Originally featured in Phillipson’s acclaimed exhibition yes, surprising is existence in the post-vegetal cosmorama –. , commissioned and produced by/for BALTIC Centre for Contemporary Art, Gateshead in 2013 and re-staged at Grundy in summer 2014, these two works were acquired into the Grundy’s Collection through the support of the Contemporary Art Society.

Present in both works is Phillipson’s grasp of vernacular, both of objects and language, through her work as a visual artist and poet.

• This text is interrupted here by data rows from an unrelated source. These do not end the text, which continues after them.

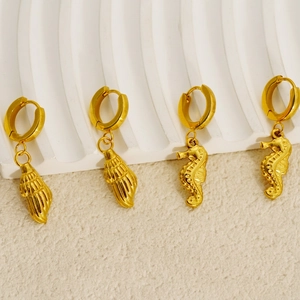 Golden stainless steel hoop earrings with seahorse and seashell charms in ocean style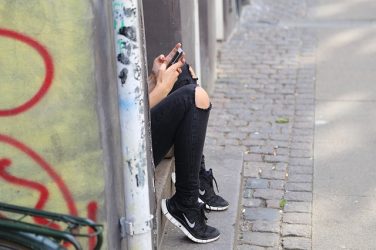 girl hiding doing drugs at school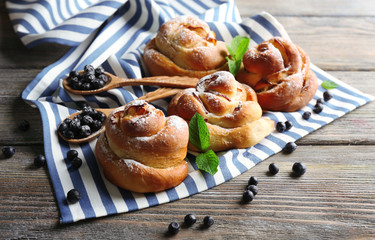 Tasty buns with berries on table close-up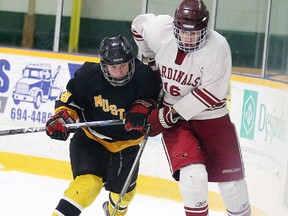 Manitoulin Mustangs Mason Pine and St. Charles Cardinals Bryceton Lalonde battle for the puck during boys division A high school hockey semi-final action in Sudbury, Ont. on Tuesday February 16, 2016.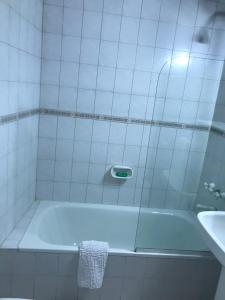 een witte badkamer met een bad en een wastafel bij Regency Bombal Apartments in Mendoza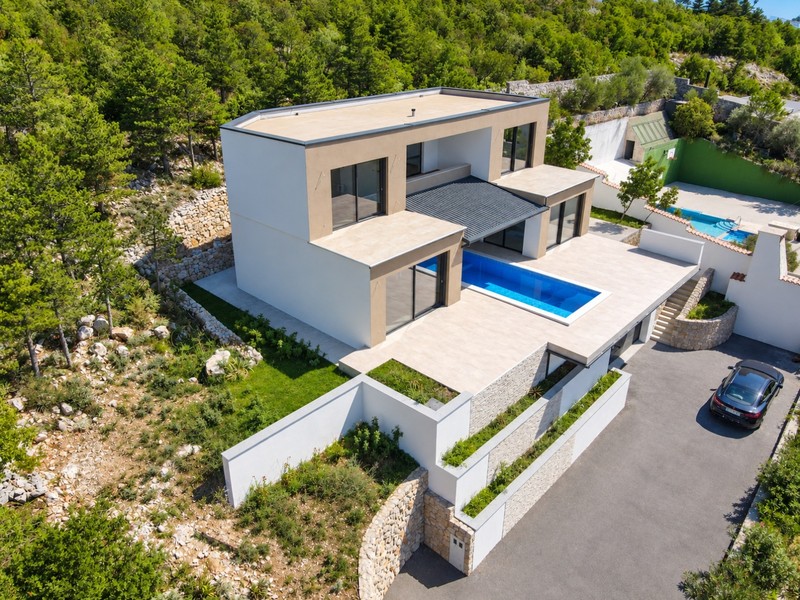 Aerial view of the villa with pool and driveway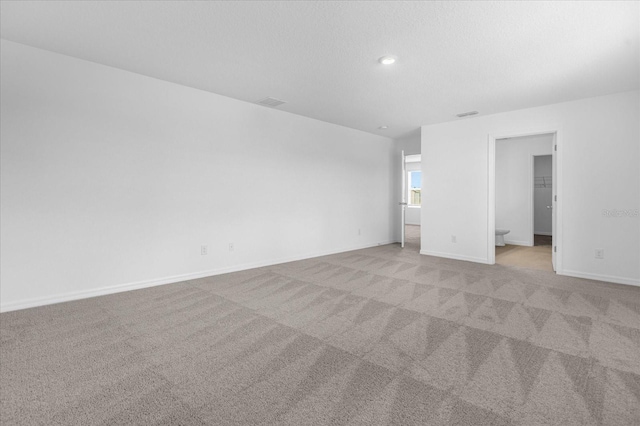 unfurnished room featuring visible vents, baseboards, recessed lighting, a textured ceiling, and light carpet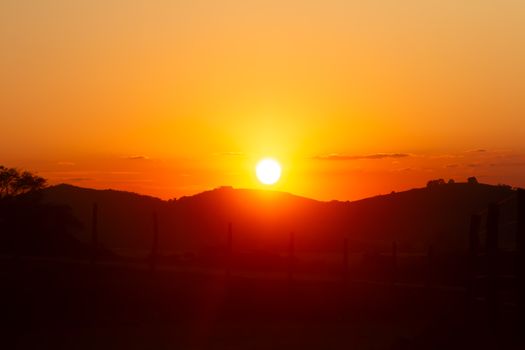 Silhouette of hills at sunset with a vibrant orange sky, perfect for serene landscapes.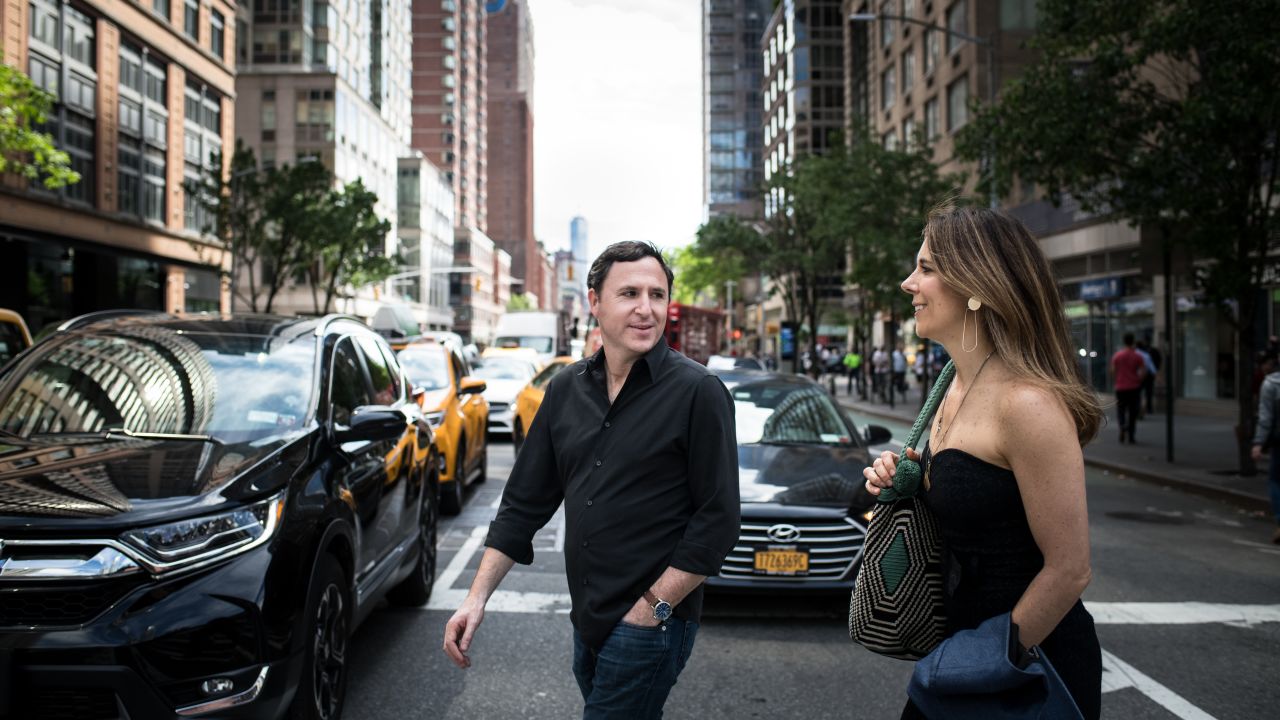 Chait and Cunningham walk through the streets of New York.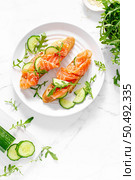 Sandwiches with salted salmon. Healthy food, breakfast. Top view. Стоковое фото, агентство Ingram Publishing / Фотобанк Лори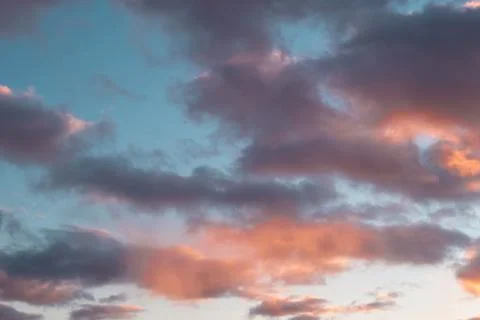 Blue-pink clouds in the light of the setting sun Stock Photos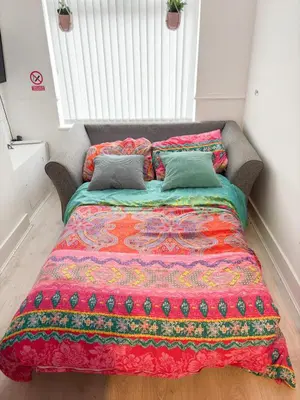 a bed with two pillows on it in a bedroom at LFC theme - free parking - 2 bathroom in Liverpool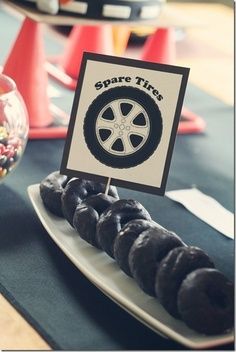 Race Car Birthday Party - Spare "Tire" Donuts #forthekids #carlovers #futurehoseltoncustomers Car Donuts Spare Tires, Car Theme Gender Reveal, Nascar Baby Shower Ideas, Car Baby Shower Ideas, Car Gender Reveal Ideas, Wheels Or Heels Gender Reveal, Nascar Party, Spare Tires, Cars Birthday Party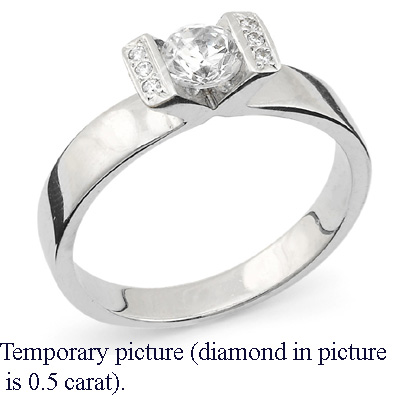 0.67 Carats, Round, Engagement ring with side stones settings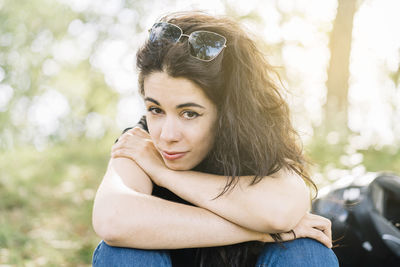 Young woman in nature sitting resting on her motorcycle route with her helmet behind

Phillipson’s hypnotic and seductive videos are simultaneously familiar and disjunctive. Presented at Grundy, and in the context of Blackpool, the works’ tactics of enticement are amplified, only to be under-cut by play and disquiet.

The video on display, A Is to D What E Is to H (2011) takes in Modernist architecture, boredom, sightseeing, French kissing and cuisine. In its original configuration, the video film was is seen from inside a yellow Peugeot 406, an experience described by critic Adrian Searle, writing in the Guardian, as like ‘a virtual-reality drive-through car wash’.

The same yellow paint of the Peugeot 406 has been repurposed here as a back drop for this presentation of works placing the works in an approximate environment to their original presentation.


WORKS ON DISPLAY

In advance of the broken tooth (2013)

Timber, cardboard box, artificial grass, artificial bananas, brooms, garden fork, aluminium sign, corrugated plastic, gloss paint

A Is to D What E Is to H (2011)

HD video (loop), Running time: 11.55


Heather Phillipson (born 1978, London) is an artist, musician and poet.

She describes her works as ‘quantum thought experiments’. Restlessly experimental, she uses a plethora of different media to create vast walk-in collages, multi-screen video installations, and online and audio works that propose watching and listening as ways of becoming alien.

Phillipson‌ ‌exhibits nationally and internationally. In 2020, she presented THE END, as the 13th annual Fourth Plinth Commission in Trafalgar Square and in she was the recipient of Britain’s annual Duveen Gallery commission in 2021. Phillipson currently is a nominee for the 2022 Turner Prize.

Both works purchased with funds from the Contemporary Art Society in 2014.